Image-caption web data:
----------

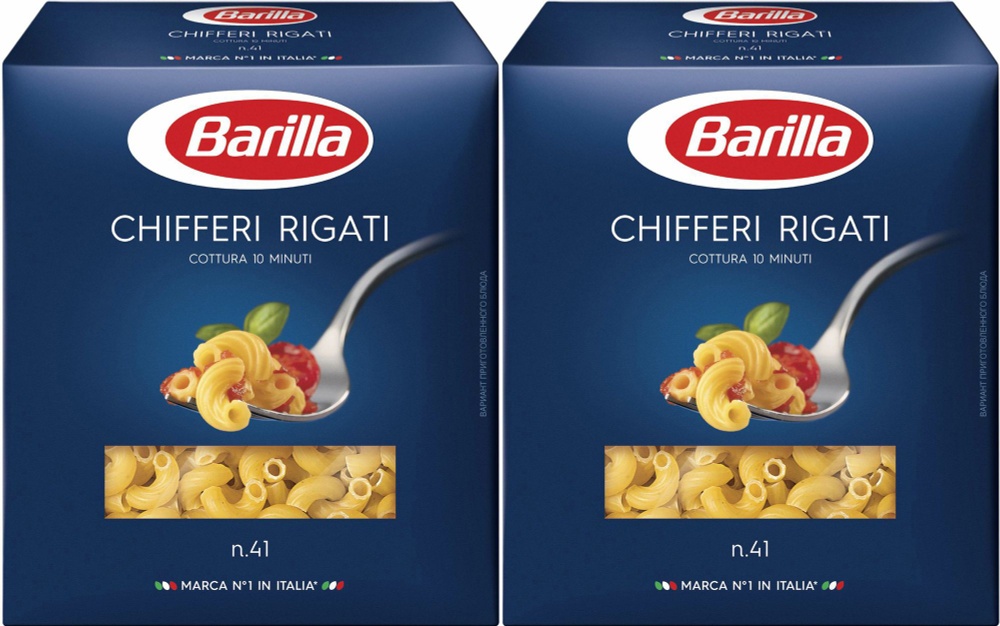 Макаронные изделия Barilla Chifferi Rigati No 41, комплект: 2 упаковки по 450 г  #1
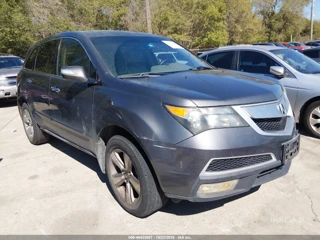 ACURA ACURA MDX TECHNOLOGY PACKAGE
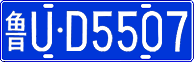 License plate of China, Cars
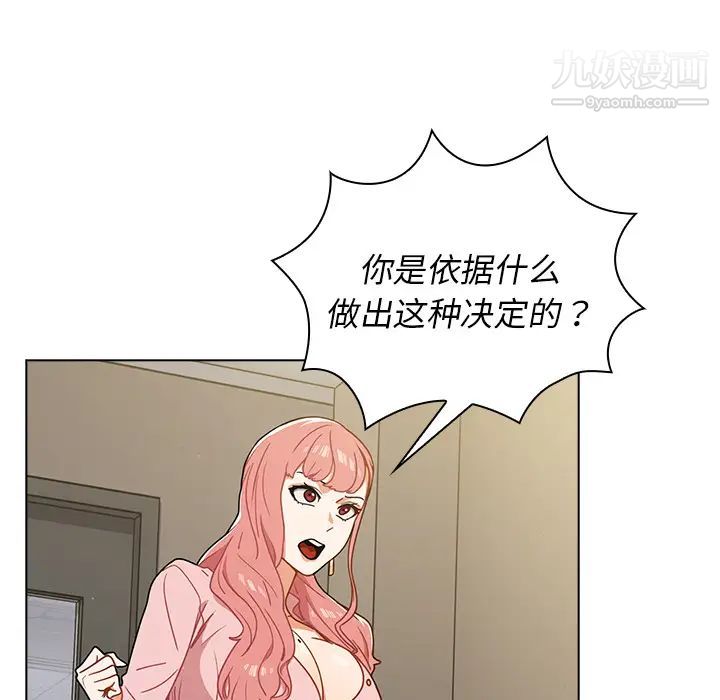 組長的小秘密第2話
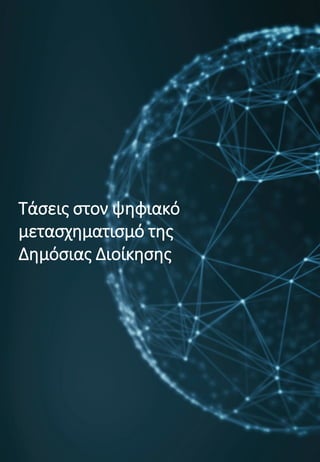 4
Τάσεις στον ψηφιακό
μετασχηματισμό της
Δημόσιας Διοίκησης
 
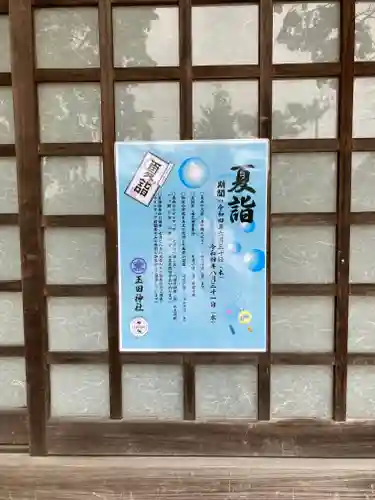 玉田神社(京都府)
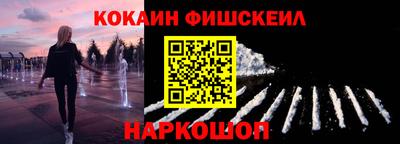 меф VHQ Обь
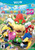 *USED* MARIO PARTY 10 [E] (#045496903510)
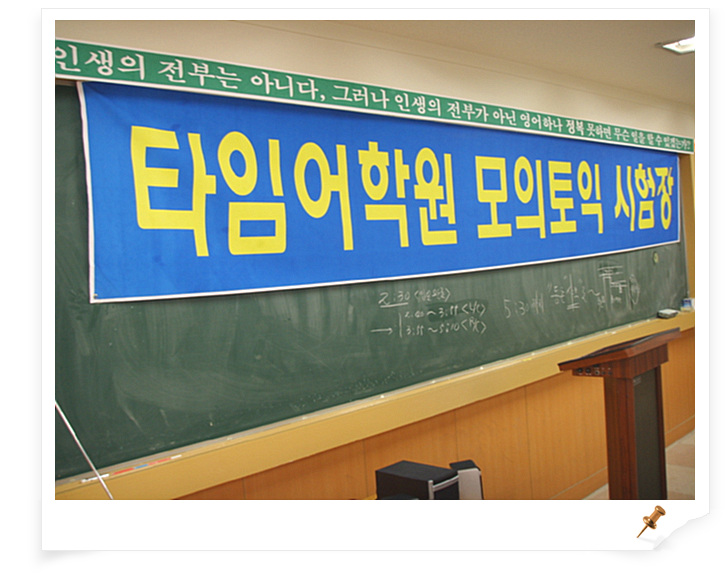 모의토익현장 > 해당 글로 이동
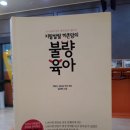 [ 육아서 후기 ] 지랄발랄 하은맘의 불량육아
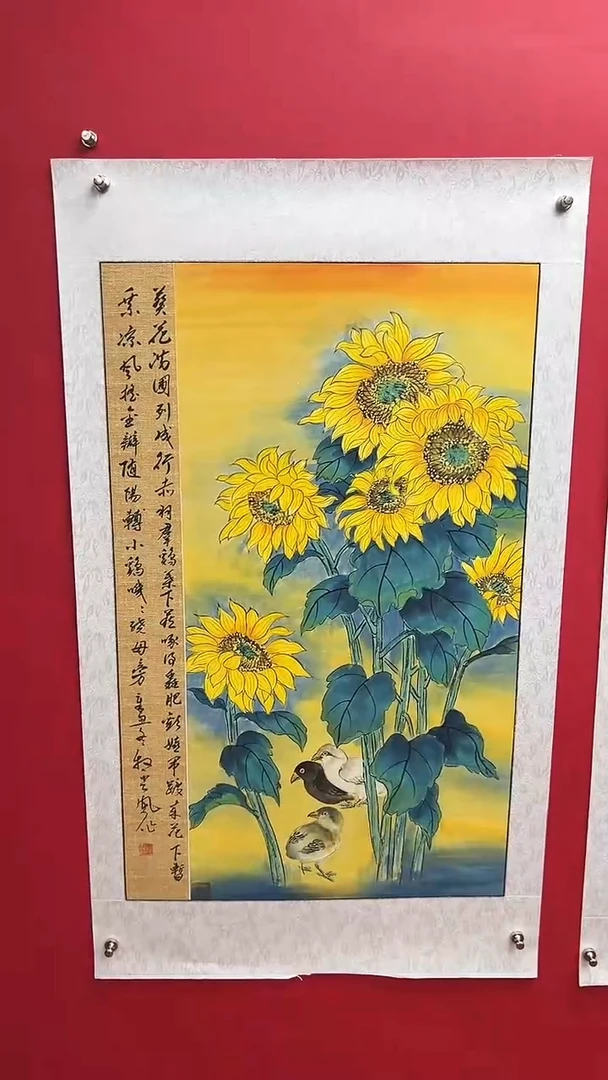 国画娄渊波-国画作品-12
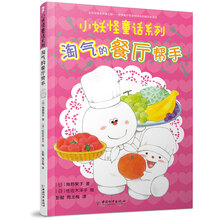 小淘氣
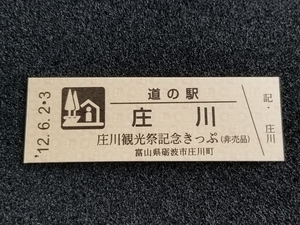 《送料無料》道の駅記念きっぷ／庄川［富山県］／庄川観光祭記念きっぷ(非売品)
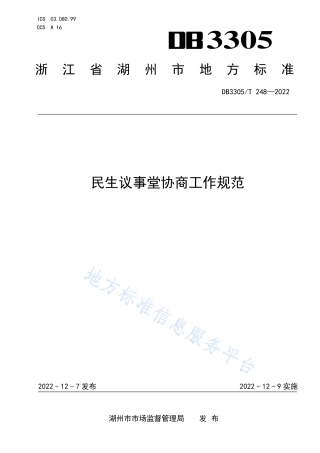 DB3305_T 248-2022民生议事堂协商工作规范.pdf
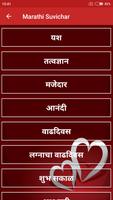 Marathi Suvichar Screenshot 2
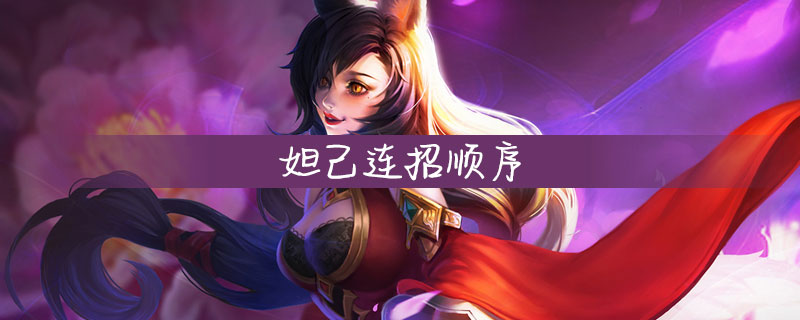 王者荣耀妲己怎么连招-王者荣耀妲己连招顺序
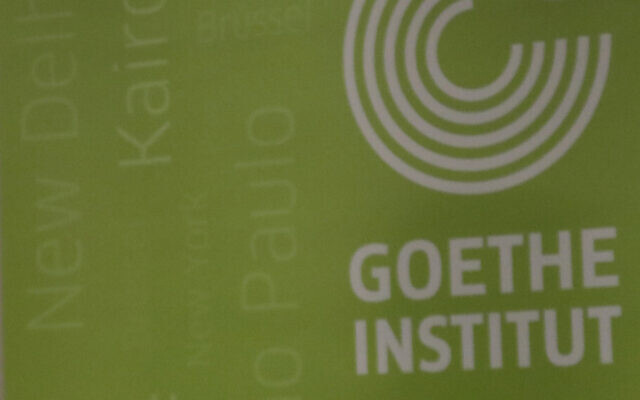 The logo of the Goethe Institute, at German cultural association's facility in Boston. (AP Photo/Elise Amendola)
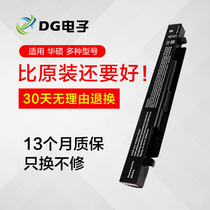 Asus Asus X552W X552E R513M D552W K550JK W50J laptop battery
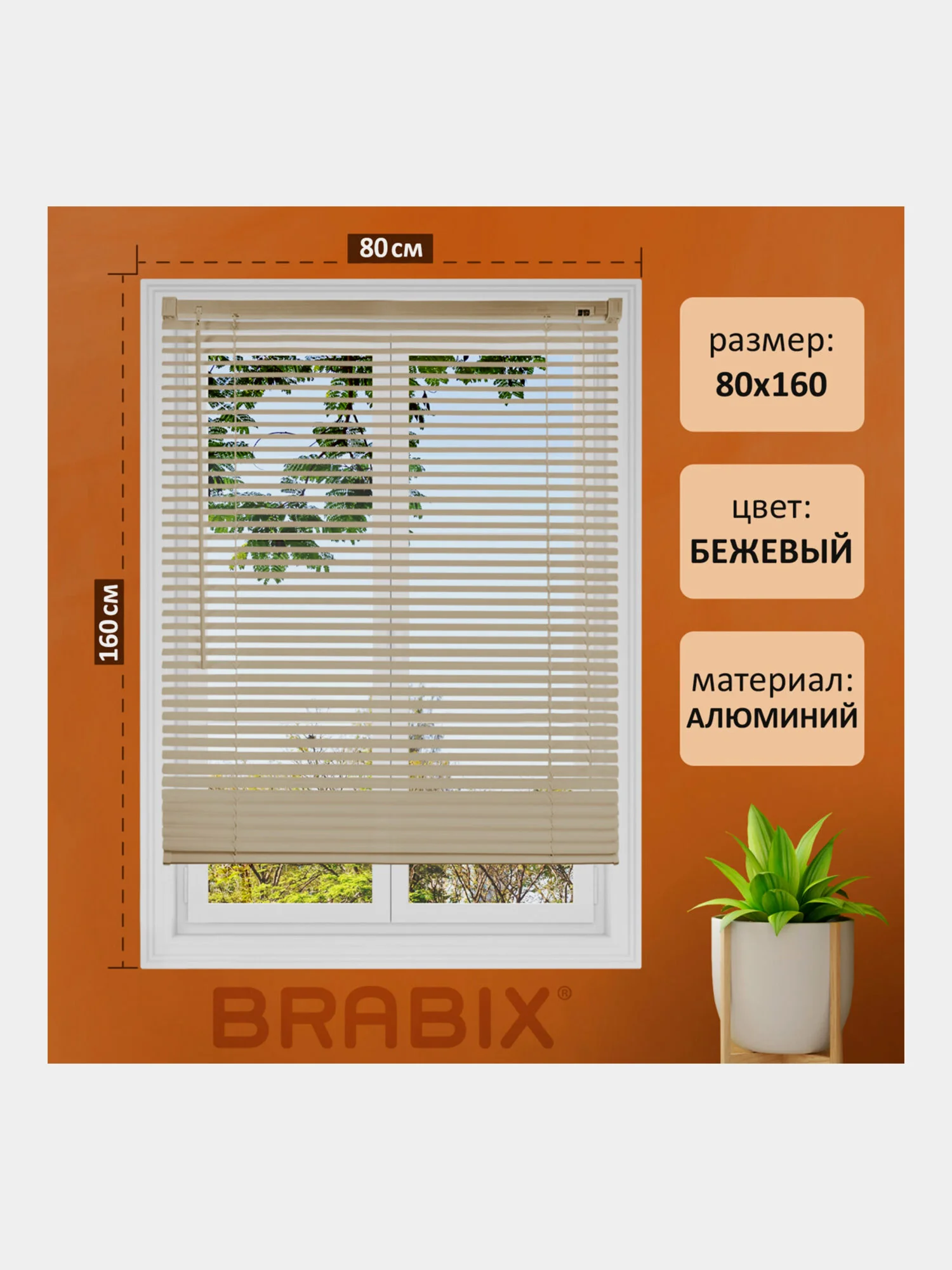 Жалюзи на окна Brabix, горизонтальные, алюминиевые, бежевые, 80 х 160 см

----------

PROBLEM:
Only one stretch of the data is wanted: write out exactly the lines from the one holding "国画娄渊波-国画作品-12" through the one holding "Asus Asus X552W", both included, without the pictures.

ANSWER SECTION:
 国画娄渊波-国画作品-12
 小淘氣
 《送料無料》道の駅記念きっぷ／庄川［富山県］／庄川観光祭記念きっぷ(非売品)
 DB3305_T 248-2022民生议事堂协商工作规范.pdf
 Marathi Suvichar Screenshot 2
 王者荣耀妲己怎么连招-王者荣耀妲己连招顺序
 The logo of the Goethe Institute, at German cultural association's facility in Boston. (AP Photo/Elise Amendola)
 Asus Asus X552W X552E R513M D552W K550JK W50J laptop battery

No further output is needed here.